There are 16 outward DMA channels per node (8 send and 8 receive) for inter-processor communication while an additional one is used for the distributed I/O system which therefore has the nice property that it scales with the number of nodes. The speed of these I/O nodes is 20 MB/s full-duplex. The communication latency is quite low: about 3 s while the single channel bandwidth is 50 MB/s. By ``folding'' multiple channels higher point-to-point bandwidth can be achieved. For the instruction cache an autoprefetch facility is implemented while prefetch for the data cache is compiler directed. On 1024 processors with 6 ports folded a bisectional bandwidth of 45.5 GB/s can be realised.
Apart from the fixed wormhole routing scheme that already was employed in the former nCUBE systems, a new fault-tolerant adaptive routing scheme is available.
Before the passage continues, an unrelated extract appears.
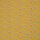 Vienna Coral by Bienvenido Colorido, Viskosewebware, ocker, 100314, 135g/m²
This scheme is also essentially a wormhole routing but with the additional constraint that after the first hop the distance to the target node should strictly decrease. Therefore, no cycles can occur and delivering of a message is guaranteed to be done in a finite number of hops.
Within the hypercube sub-cubes can be allocated to accommodate more users. A queue of tasks is set up with (sub)-cubes of the required size. Programs may be written to determine the sub-cube dimensions just before execution.
Measured Performances: The first system is expected to be realised in the 2nd quarter of 1995, so no real performance figures are available. Simulations showed a single node speed of 96 Mflop/s on a matrix-matrix multiply and of 40 Mflop/s on a matrix-vector multiply.